→ **Collected material**:
= = =

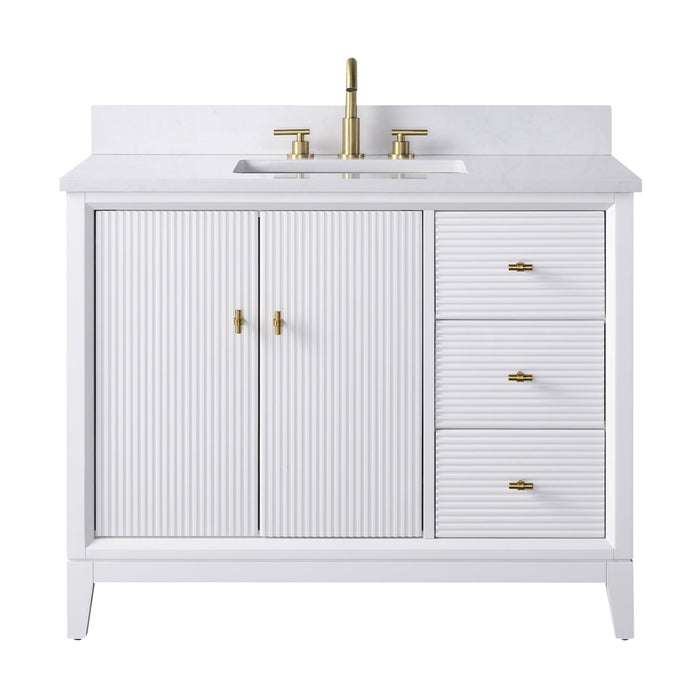 Linear White / Golden Brushed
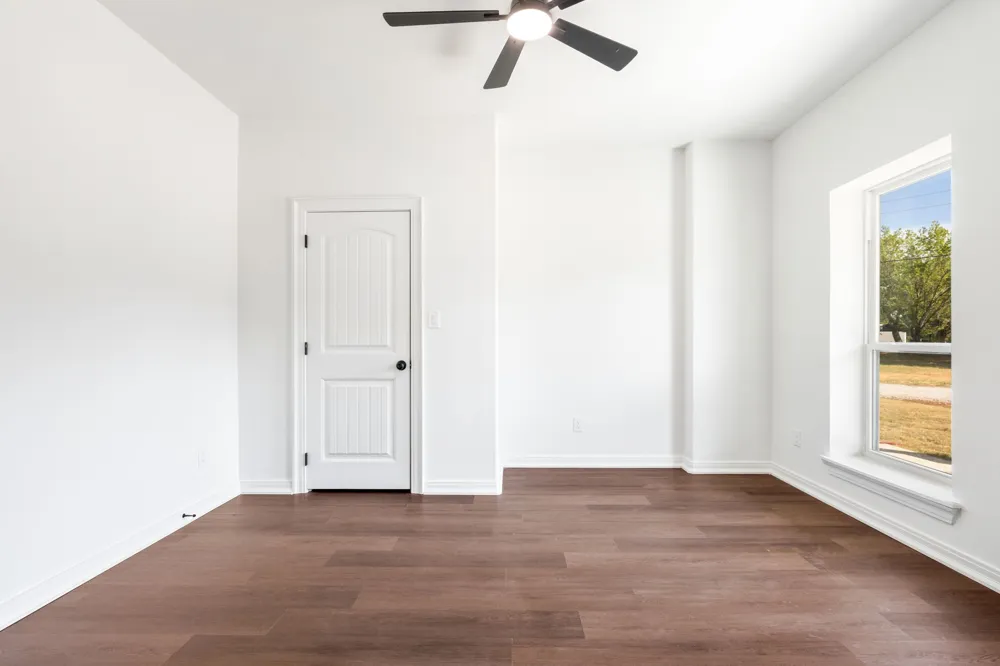 4258 County Road 204 Alvarado, TX 76009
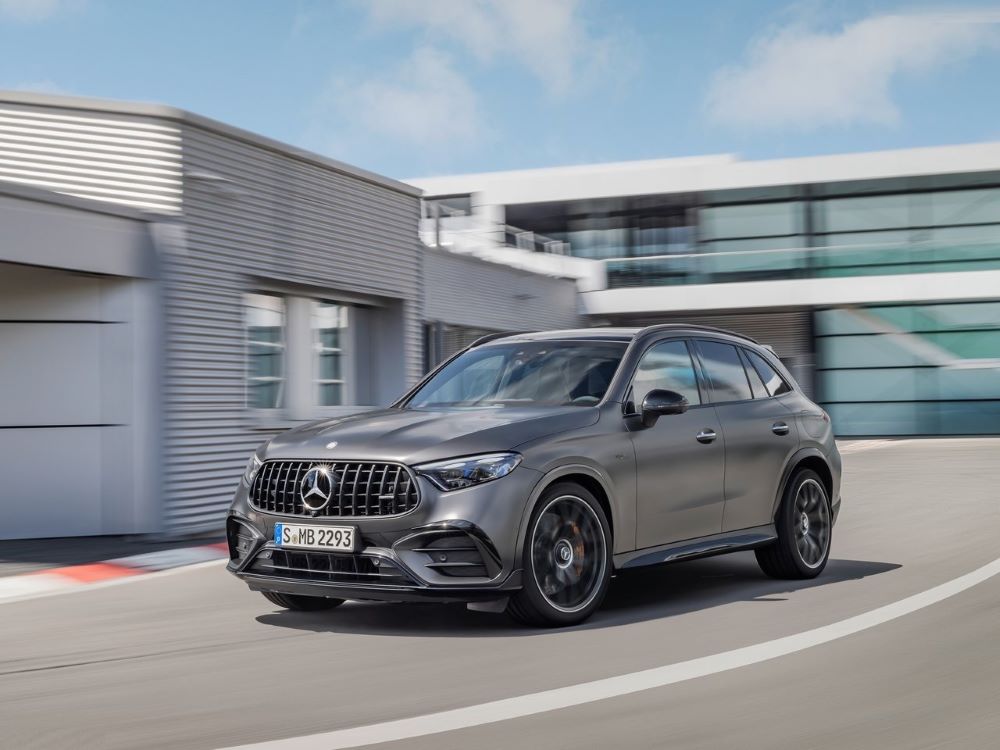 AMG logolu iki sıra dışı GLC modeli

= = =

→ **Requirement**: The reply must hold every line above exactly as written and none of the pictures.

→ **Exercise solution**:
 Linear White / Golden Brushed
 4258 County Road 204 Alvarado, TX 76009
 AMG logolu iki sıra dışı GLC modeli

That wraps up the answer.